=== Stored data ===

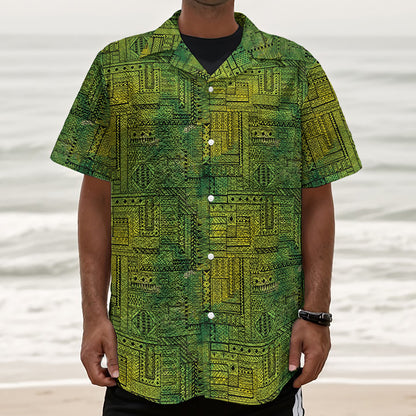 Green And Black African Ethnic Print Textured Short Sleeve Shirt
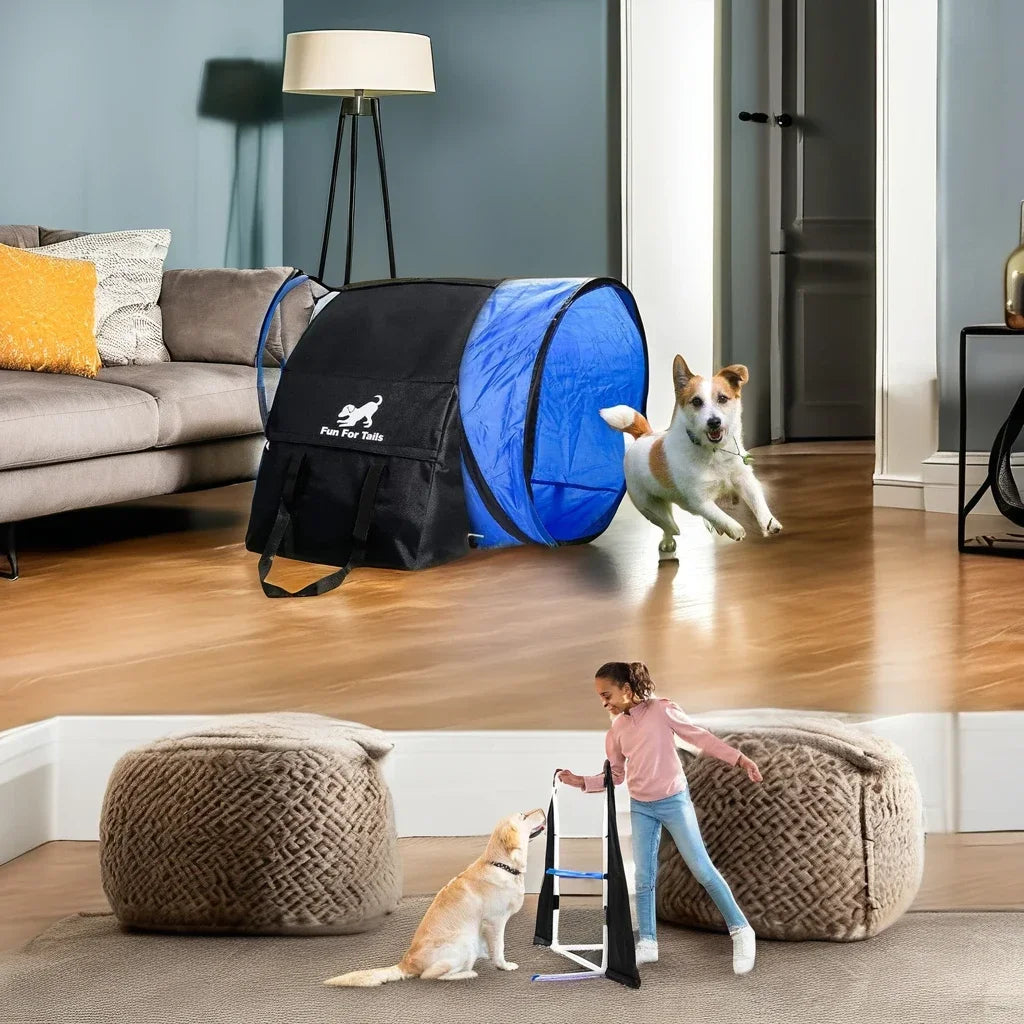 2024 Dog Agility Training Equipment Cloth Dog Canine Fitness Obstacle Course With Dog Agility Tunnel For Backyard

===
=== Stored data ===

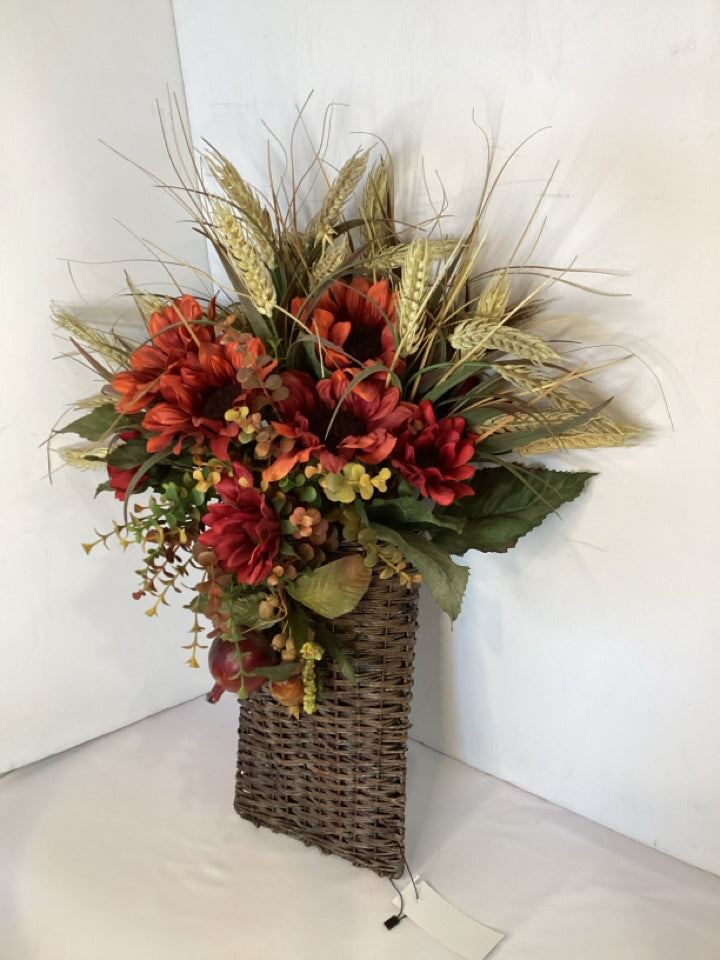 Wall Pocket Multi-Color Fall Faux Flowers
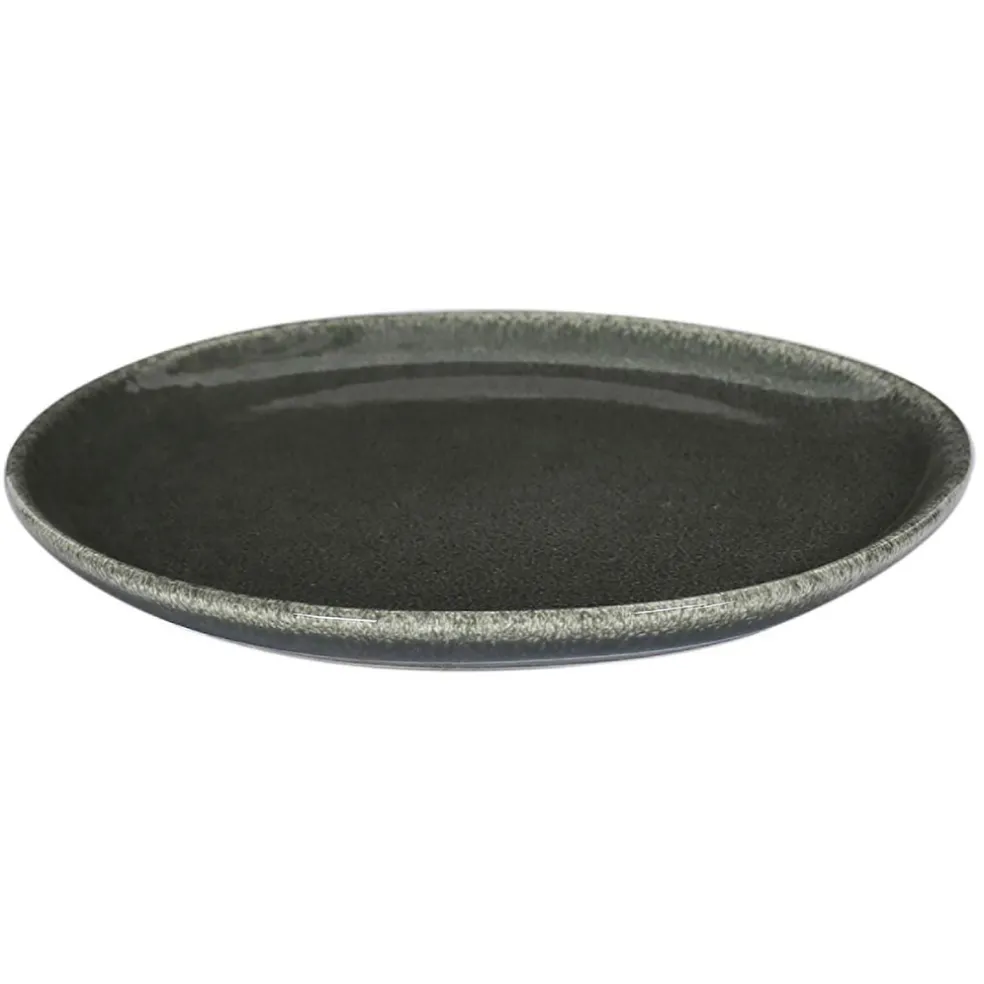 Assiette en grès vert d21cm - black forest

===
=== Stored data ===

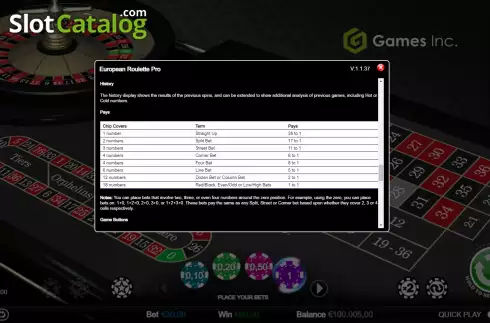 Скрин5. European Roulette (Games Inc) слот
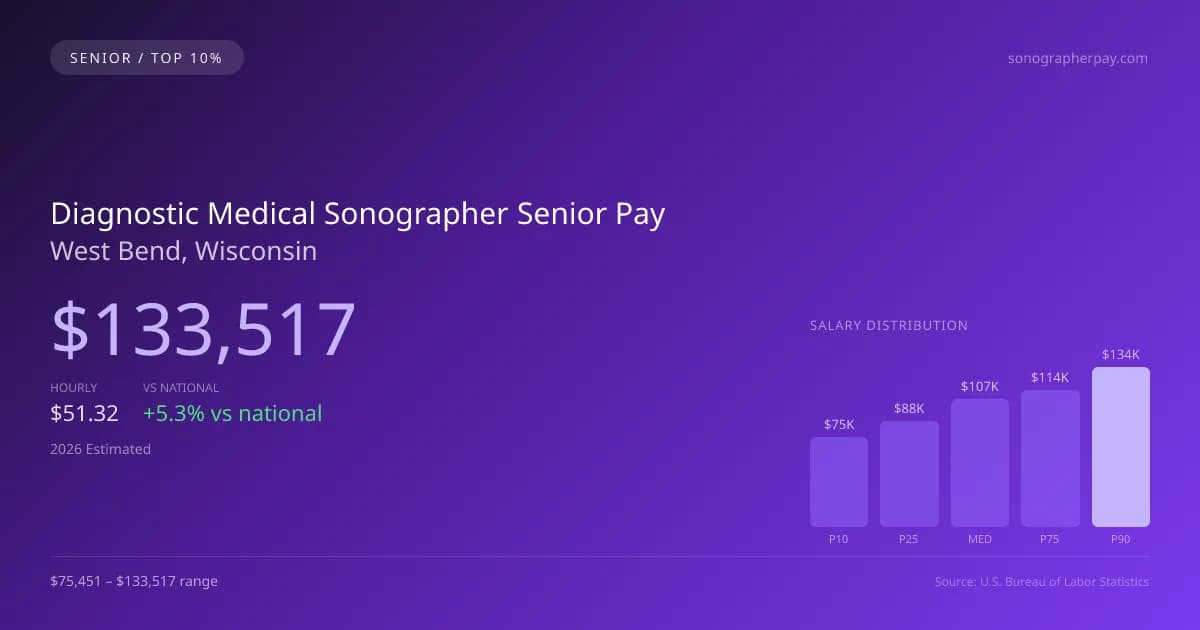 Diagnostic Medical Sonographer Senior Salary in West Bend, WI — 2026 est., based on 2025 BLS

===

Directions: Skipping the pictures, print the lines in the listing above exactly as written, starting at the line with "Green And Black" and ending at the line with "2024 Dog Agility", both included.

Response to this exercise:
 Green And Black African Ethnic Print Textured Short Sleeve Shirt
 2024 Dog Agility Training Equipment Cloth Dog Canine Fitness Obstacle Course With Dog Agility Tunnel For Backyard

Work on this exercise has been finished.